Dans certains milieux politiques, on estime que la querelle entre Baabda et Meerab n’est aucunement la seule entrave empêchant Saad Hariri de mener à bien sa mission. Le blocage actuel aurait aussi une dimension régionale non négligeable. La nouvelle phase de léthargie coïncide avec le déclin sans précédent des rapports entre l’Arabie saoudite et l’Occident sur fond de l’affaire Khashoggi. L’Iran et ses alliés au Liban chercheraient donc à améliorer, voire même imposer, leurs conditions en matière de formation du cabinet. Et c’est dans ce cadre qu’il convient de placer l’épreuve de force à laquelle s’est livré le secrétaire général du Hezbollah, Hassan Nasrallah, vendredi dernier. Le dignitaire chiite avait appelé M. Hariri à intégrer ses opposants sunnites au cabinet, estiment des observateurs.

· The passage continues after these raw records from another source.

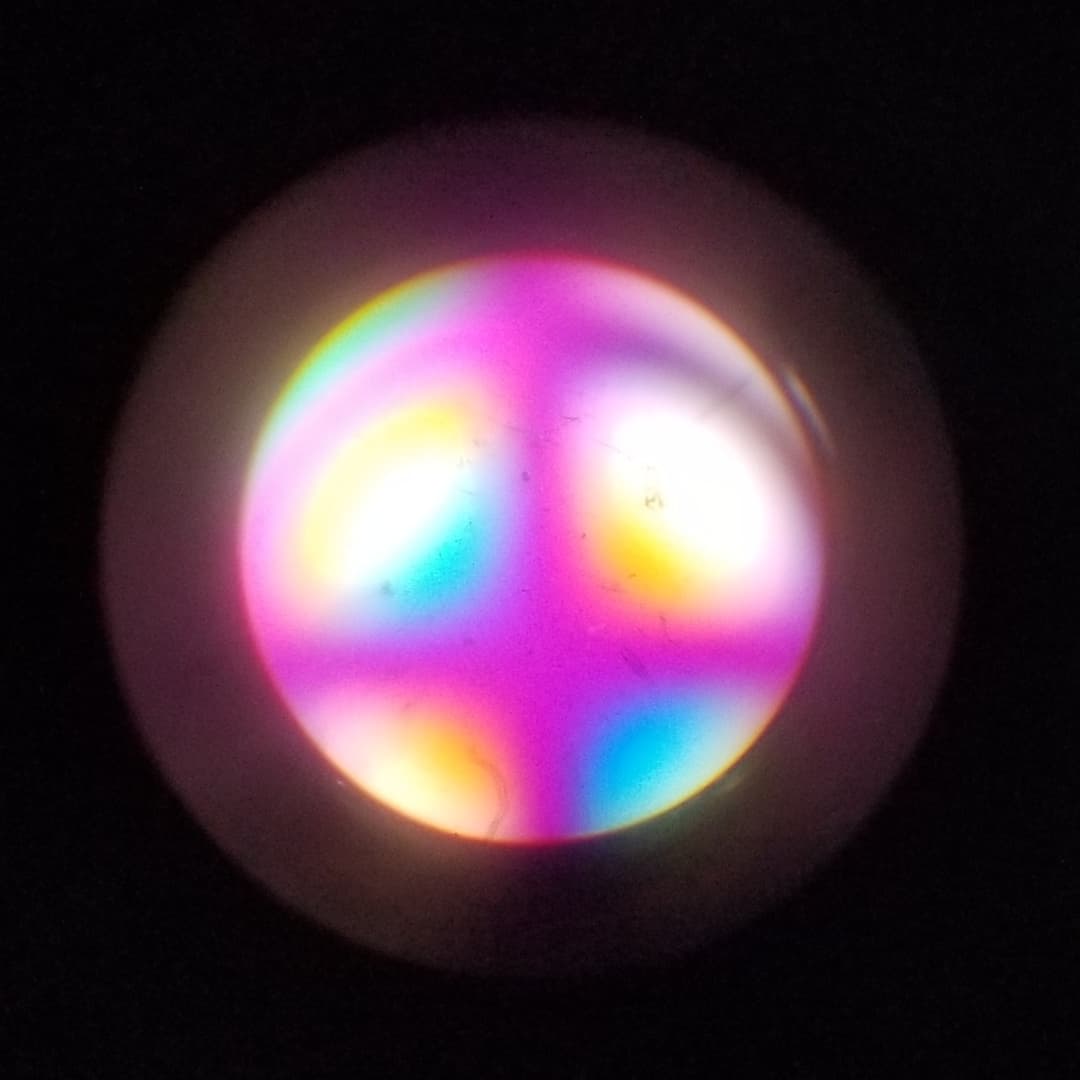 hannerzC's tweet photo. It isn't often that I get to see an optic axis figure, esp in my #metamorphosed #carbonates #Calcite is a uniaxial #mineral with a negative optic sign, so the NE corner of the crosshairs goes yellow when the #gypsum plate is entered. #geology #ThinSectionThursday #microscope https://t.co/6NZXvOdiEZ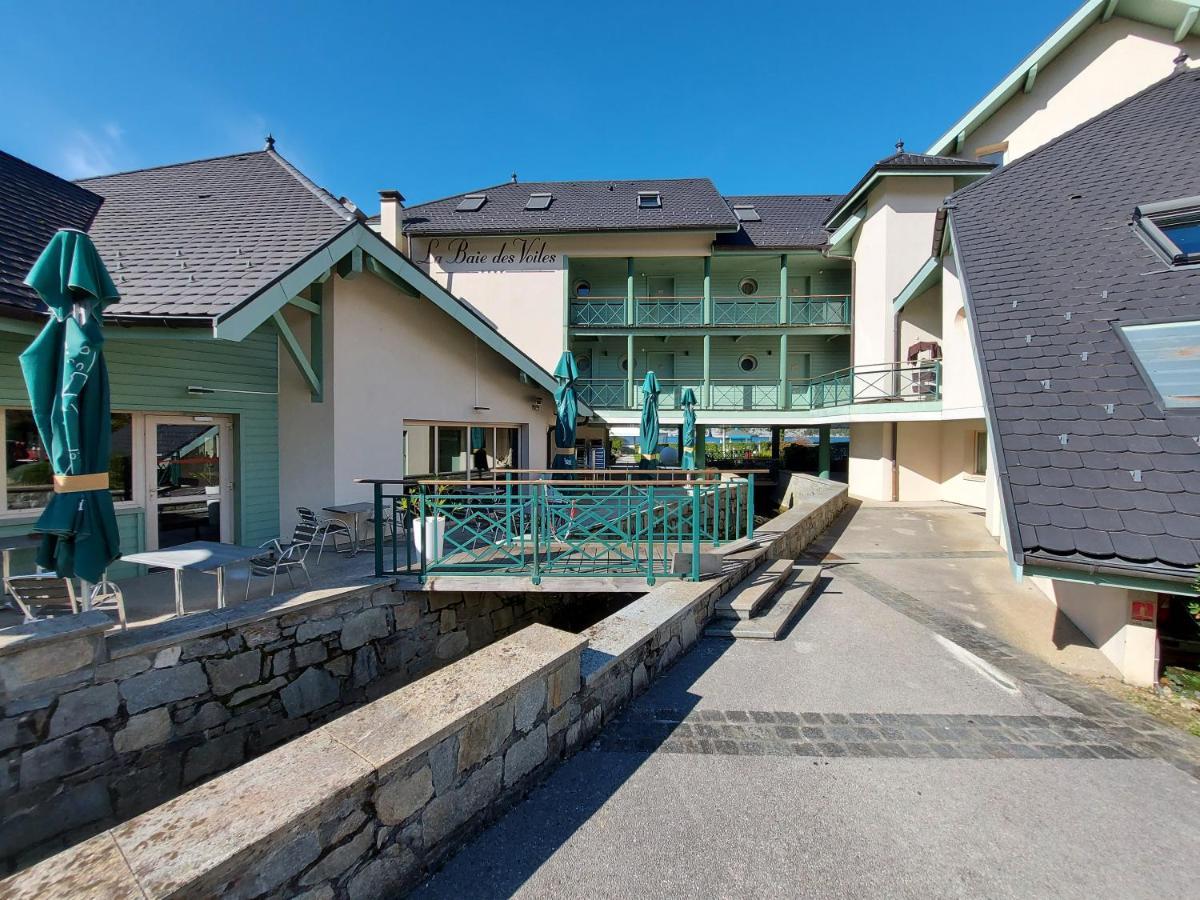 Les Pieds Dans L'eau Au Bord Du D'annecy *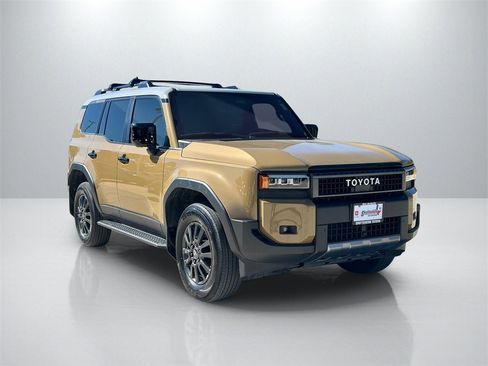 Used 2024 Toyota Land Cruiser image 3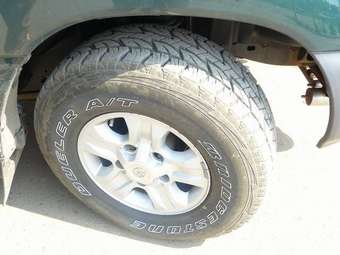 2004 Toyota Land Cruiser Pictures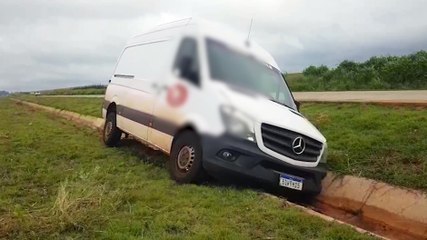 Van sai da pista e quase tomba em canaleta de água na BR-163
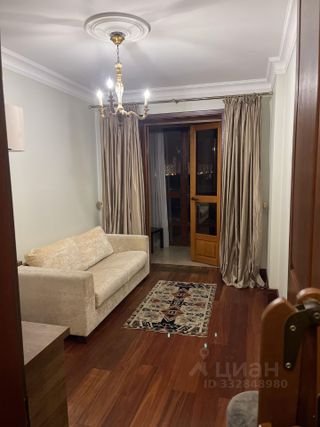 m. Yugo-Zapadnaya: Apartment, 2-rooms
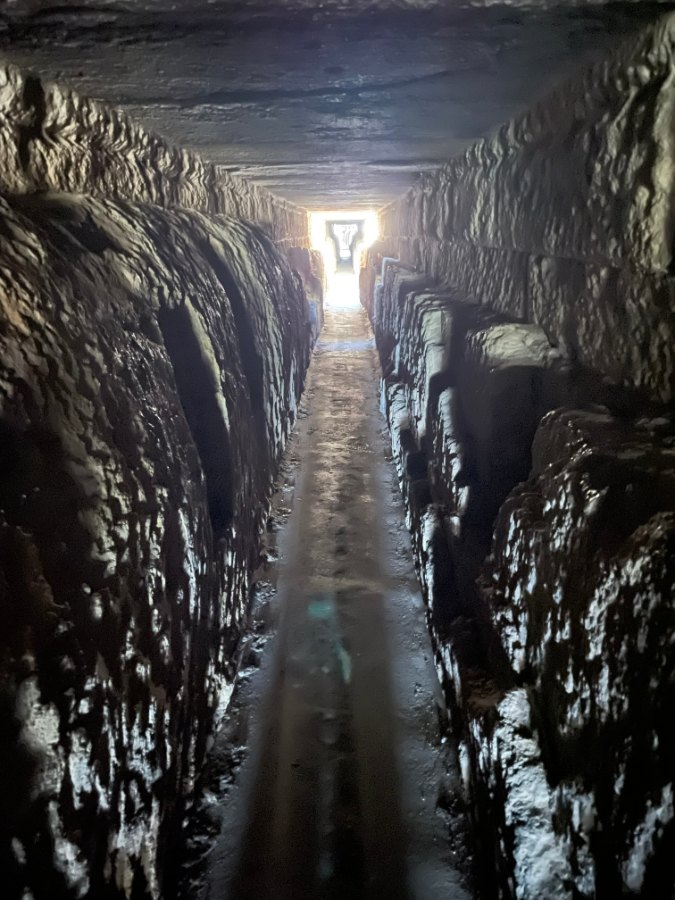 Layered carbonate deposits inside the Roman aqueduct that supplied Nîmes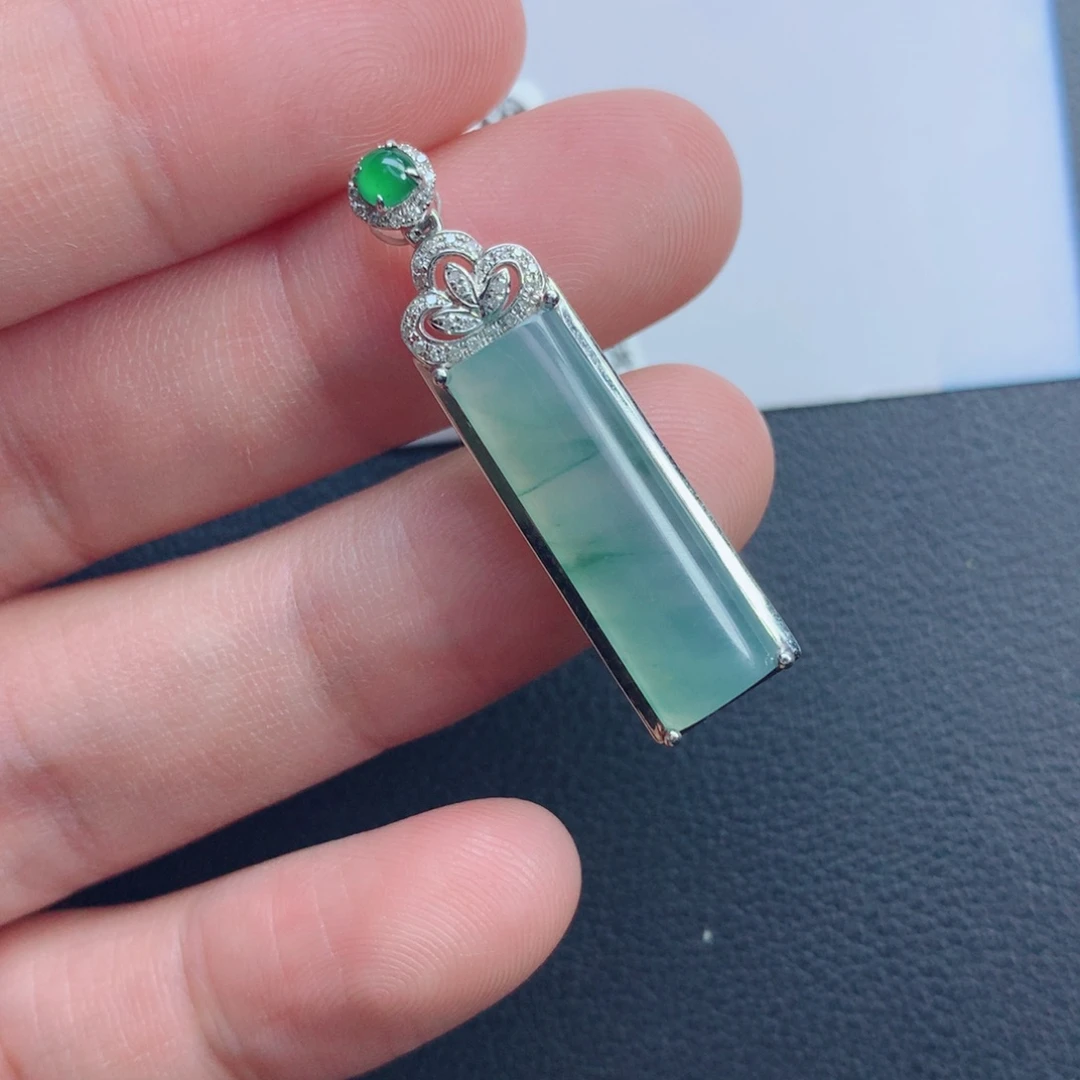 翡翠颈饰未镶嵌无事柱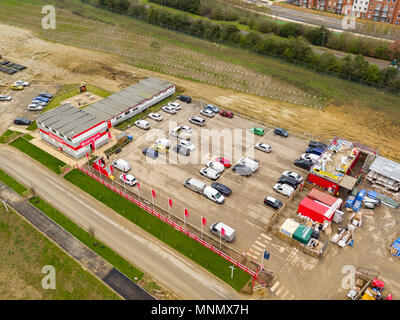 Luftaufnahmen von Redrow Wohnungen Standort-Ebbsfleet Grün in Ebbsfleet Garden City, Kent, Großbritannien Stockfoto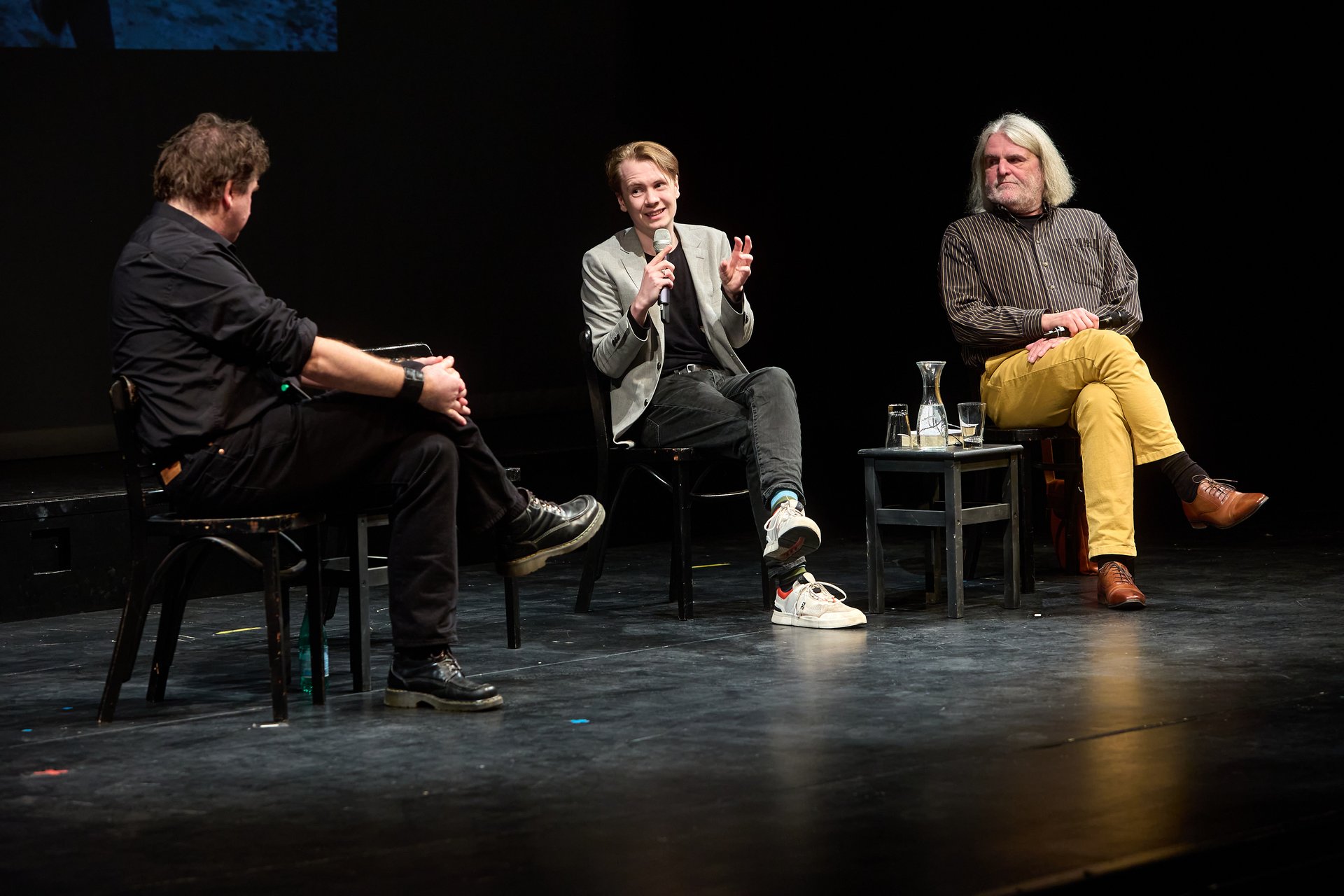 Thomas Irmer und Ilko-Sascha Kowalczuk in der Podiumsdiskussion mit einem Gast.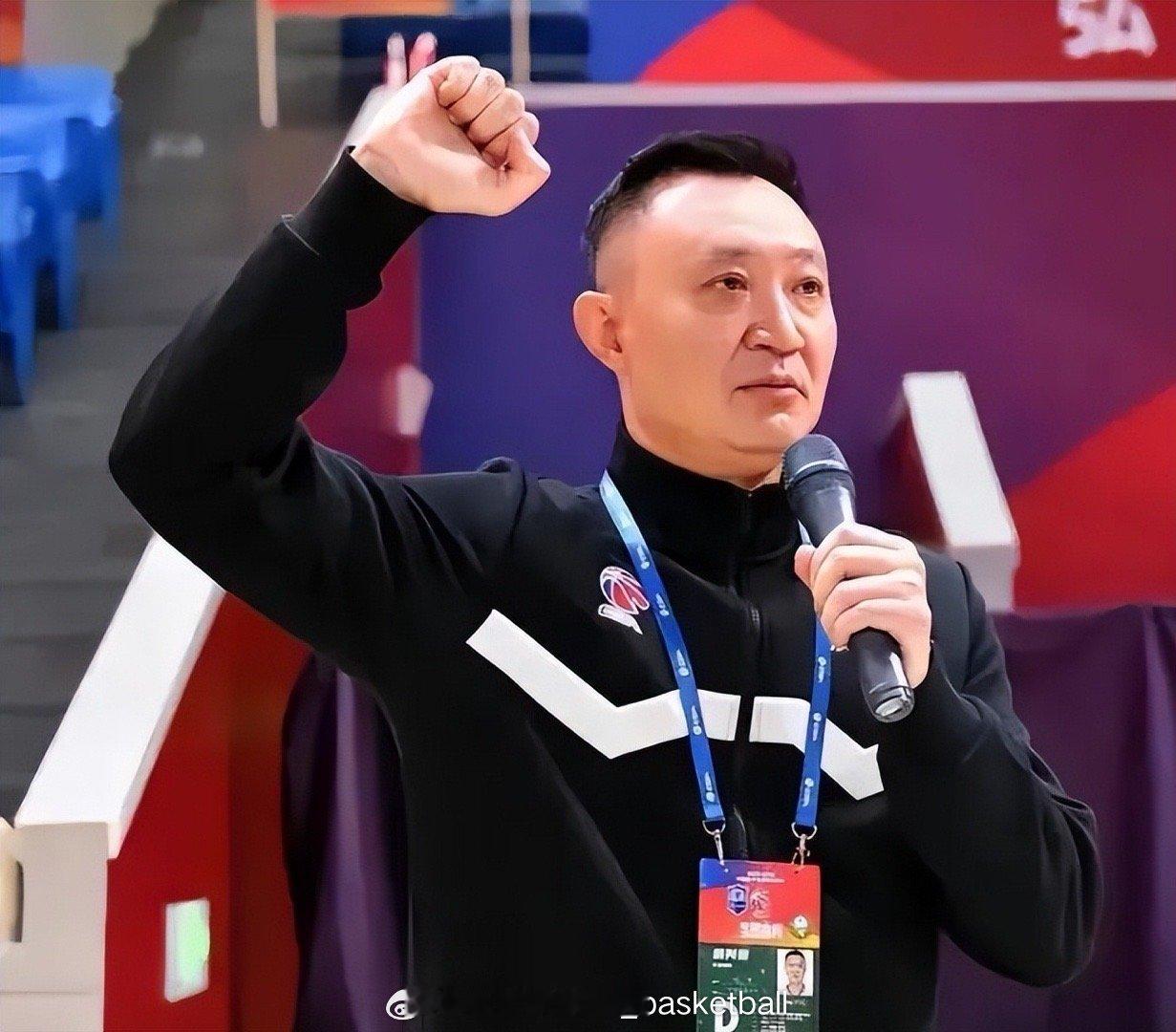 国际级裁判闫军将作为主裁判执罚今晚辽宁男篮和上海的跨年大战辽宁男篮vs上海男篮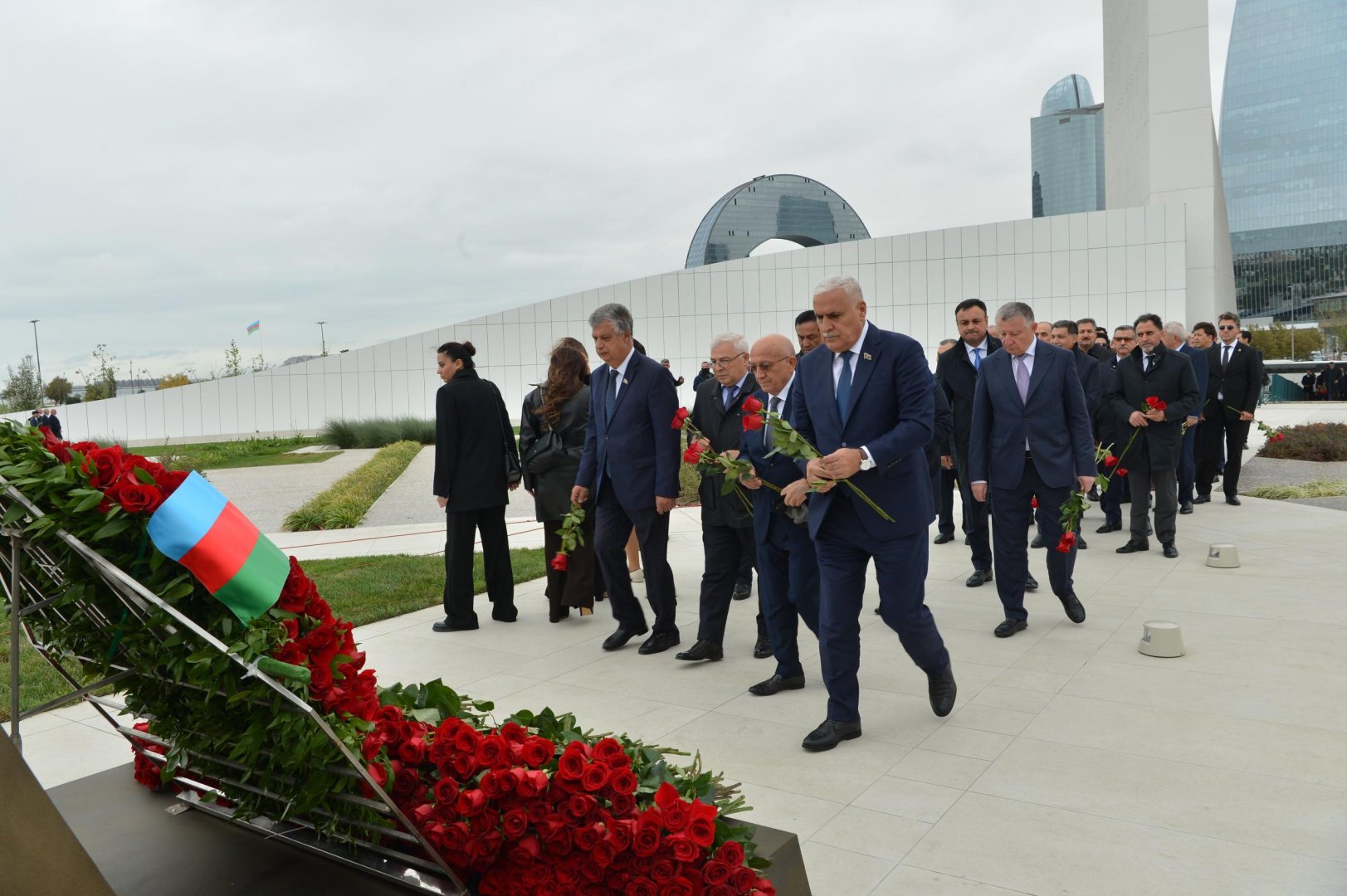 Milli Məclisin kollektivi Zəfər parkını ziyarət edib (FOTO)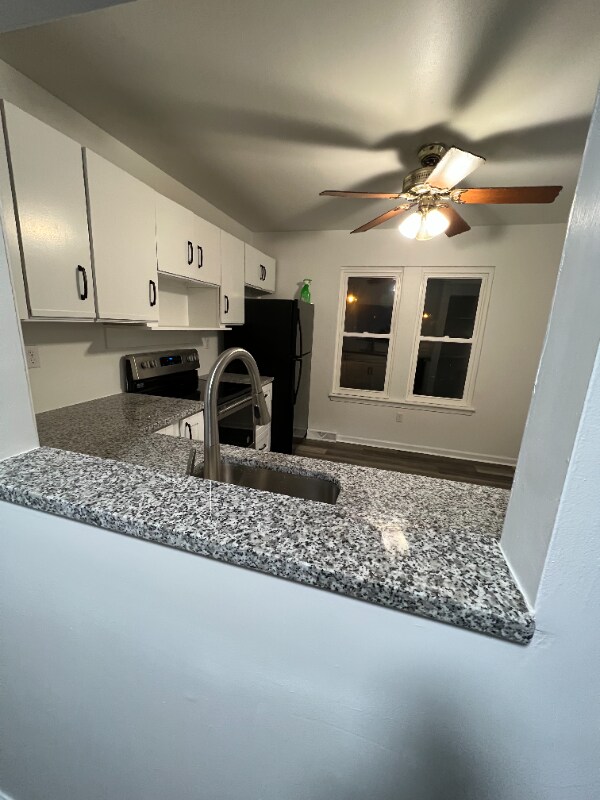 Building Photo - 33 Lamplighter Ln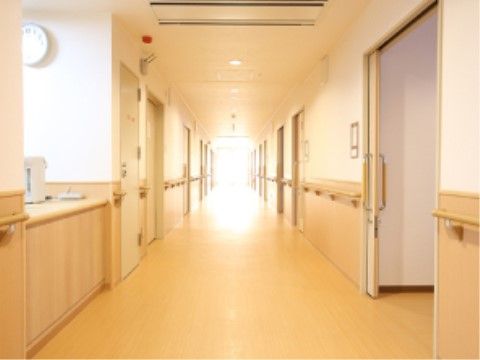 白と淡い色の木目調の色合いが暖かな雰囲気を出している通路になっている。部屋の出入り口の引き戸は大きめに作られている。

Les six députés sunnites antihaririens se sont réunis hier pour exprimer à nouveau leur volonté de prendre part au cabinet par le biais d’un ministre issu de leurs rangs, écartant la possibilité de s’entendre sur une personnalité non haririenne extérieure au groupe. Ainsi, Fayçal Karamé, député de Tripoli et l’un des six, est de plus en plus ministrable. Il pourrait faire partie du lot du chef de l’État, en échange de quoi Saad Hariri devrait obtenir un ministre chrétien. Sauf que le proche de Baabda précité assure que le nom du ministre sunnite du président n’a pas encore était tranché. Cette question sera réglée dans le cadre d’une « solution globale », ajoute-t-il. De même, une source proche de M. Karamé confie à L’OLJ qu’il n’y a « aucun contact » entre le député de Tripoli et « ceux qui forment le gouvernement ». Les milieux de l’ancien ministre écartent tout lien entre la conjoncture régionale et la crise gouvernementale. « Nos alliés nous appuient parce que nous devons prendre part au cabinet, dans la mesure où nous représentons 45 % des sunnites », dit-il.
De son côté, une source du Hezbollah estime que les FL devraient être satisfaites des succès qu’elles ont enregistrés lors des tractations au lieu d’en demander davantage. À la question de savoir si le Hezb chercherait à affaiblir M. Hariri avant la formation du cabinet afin de pouvoir le contrôler, cette source fait valoir que « les substituts sont prêts. Mais nous n’acceptons pas qu’un chef de gouvernement soit détenu dans un autre pays (allusion à la démission surprise du Premier ministre annoncée le 4 novembre 2017 depuis Riyad), d’où notre attachement à Saad Hariri ».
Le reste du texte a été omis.